TASK DESCRIPTION: Without the pictures, print each of the records below exactly as it appears.

RECORDS PROVIDED:
------------------------------------------------------------

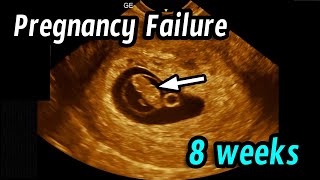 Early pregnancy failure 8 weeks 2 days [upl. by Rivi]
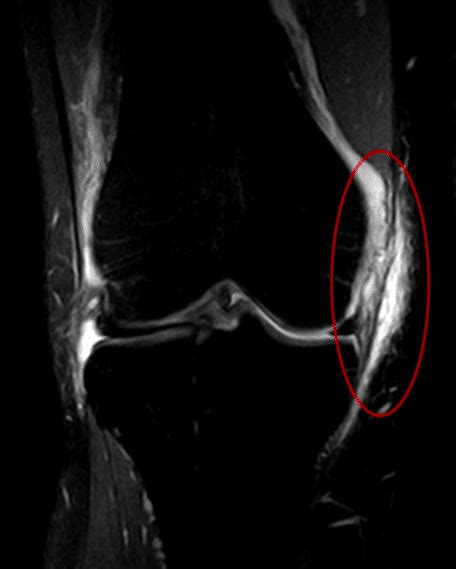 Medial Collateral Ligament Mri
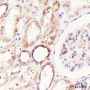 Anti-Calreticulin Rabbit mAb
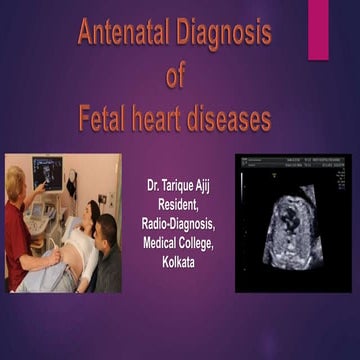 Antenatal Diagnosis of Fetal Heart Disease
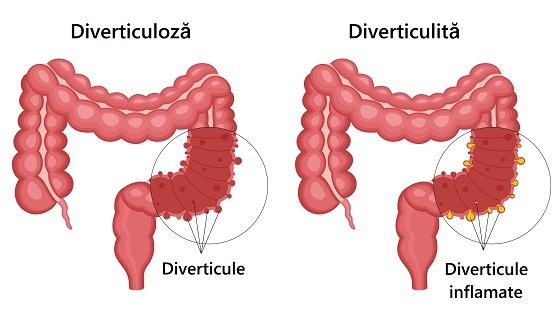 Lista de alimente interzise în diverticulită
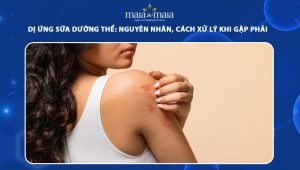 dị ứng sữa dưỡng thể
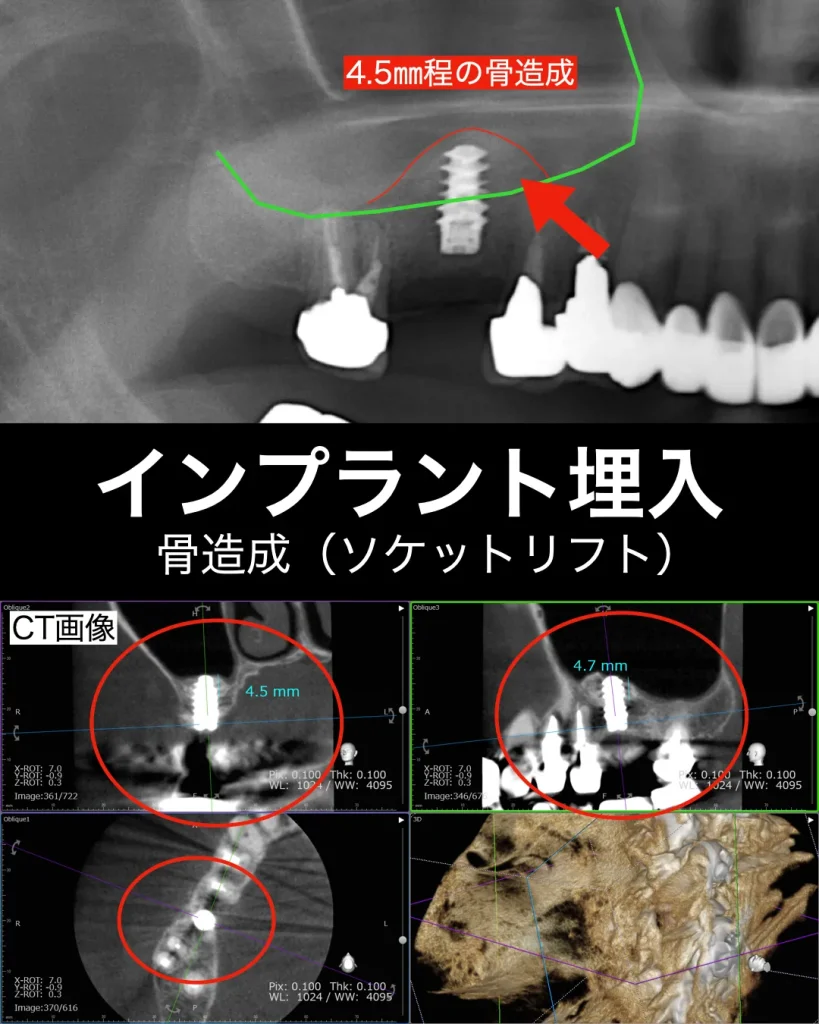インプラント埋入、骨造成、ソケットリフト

------------------------------------------------------------

RESPONSE BELOW:
 Early pregnancy failure 8 weeks 2 days [upl. by Rivi]
 Medial Collateral Ligament Mri
 Anti-Calreticulin Rabbit mAb
 Antenatal Diagnosis of Fetal Heart Disease
 Lista de alimente interzise în diverticulită
 dị ứng sữa dưỡng thể
インプラント埋入、骨造成、ソケットリフト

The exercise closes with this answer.